Galdalf visits Bilbo, the hobbit in question, and Bilbo makes it clear that he does not want an adventure. Nevertheless, Gandalf picks him and proceeds to send 13 dwarves who are on a quest his way.
Much like JRR Tolken, the dwarves don't seem in any hurry to explain exactly what their quest is to poor Bilbo, indeed they eat him out of house and home (though they do clear up after themselves) then have a little sing-song before getting down to the nitty gritty.
They need Bilbo to act as burglar (I'm assuming this trade is viewed rather differently in Middle Earth) to help them steal their ancestor gold back from a mean dragon called Smaug, who stole it. Well, when I say steal, I mean he killed the dwarves then moved into their home with the gold.
Now come on, any self respecting thief knows you make off with the goods, otherwise someone will come knocking, wanting their stuff back. I'm guessing dragons aren't that smart.
Mind you, no one seems very smart yet, save perhaps for Gandalf, and he seems more manipulative than clever.
Bilbo clearly needs assertiveness lessons but before that, he might try some counselling. Poor chap doesn't seem to know from one minute to the next whether he wants to go on this adventure or not.
As for the dwarves, they need some etiquette lessons, STAT. I can forgive them barging in on Bilbo since that was Gandalf's fault but seriously, would a please or thank you be so very difficult?
Considering that they lost their home and riches decades ago when Thorin (the king) was just a boy he is incredibly up himself! Were he master of a mighty empire I might forgive his conceitedness but as it stands, I just want to slap some manners into him.
Hopefully I'll find a redeeming feature or two in the next chapter because right now, they're all as annoying as each other.
I also can't help but note that there are 13 dwarves and one hobbit, just as Jesus Christ had 13 disciples (yes he did, people just prefer to forget that Judas was also a disciple*). I can't help wondering if one of these 13 dwarves will turn Judas on his friends and betray then. Then again, it might just be a coincidence; too soon to tell.

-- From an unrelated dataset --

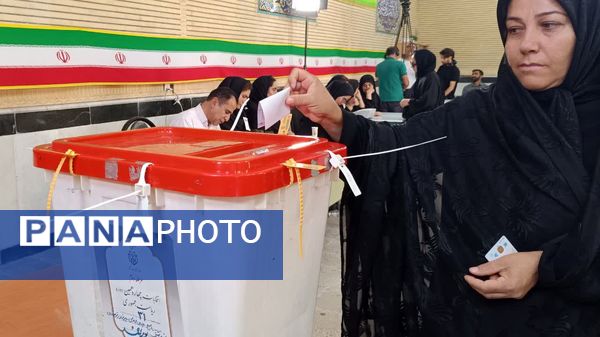 حضور مردم  یاسوج پای صندوق‌های رأی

The only woman mentioned is Bilbo's deceased mother, Belladonna, who's wealthy family paid for the lovely house she shared with Bilbo's father (Do female
dwarves hobbits come with dowries?
Was his father a gold digger?). She is also whom Bilbo gets his
schizophrenic tenancies from, uh, I mean his adventurous nature.
Having seen the trailer and heard a glimpse of the dwarves song (sans instruments) it is rather moving. Not moving enough to give me goose bumps like some music but much better than I had imagined in the book. Thanks to the slapstick way in which the introduction of the dwarves was handled, I imagined the song as being very loud and comical rather than touching.

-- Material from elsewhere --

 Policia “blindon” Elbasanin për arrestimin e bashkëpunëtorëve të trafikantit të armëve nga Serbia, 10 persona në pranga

The book seems to want to find the humour in every situation and to have us laugh at the characters rather than with them (although granted, I am not far in) where as the trailer gives the impression that the characters are not being made fun of but are taken much more seriously. I have heard that the film will have humorous moments but I suppose it remains to be seen if they are at the characters expense or not.
I seem to remember the dwarf being a figure of ridicule in the Ring's trilogy (that dwarf reminded me of Scrappy Doo, 'let me at 'em, let me at 'em!'). I'm pleased to see that doesn't seem to be the case with the Hobbit movie.
[ETA: For those who have been telling me on various message boards that there were only 12 disciples, let me list them for you. 1 Peter, 2 Andrew, 3 Philip, 4 Bartholomew, 5 Thomas, 6 James the Greater, 7 James the Lesser, 8 Matthew, 9 John, 10 Thaddeus, 11 Simon, 12 Judas and 13 Matthias. Here endeth the lesson]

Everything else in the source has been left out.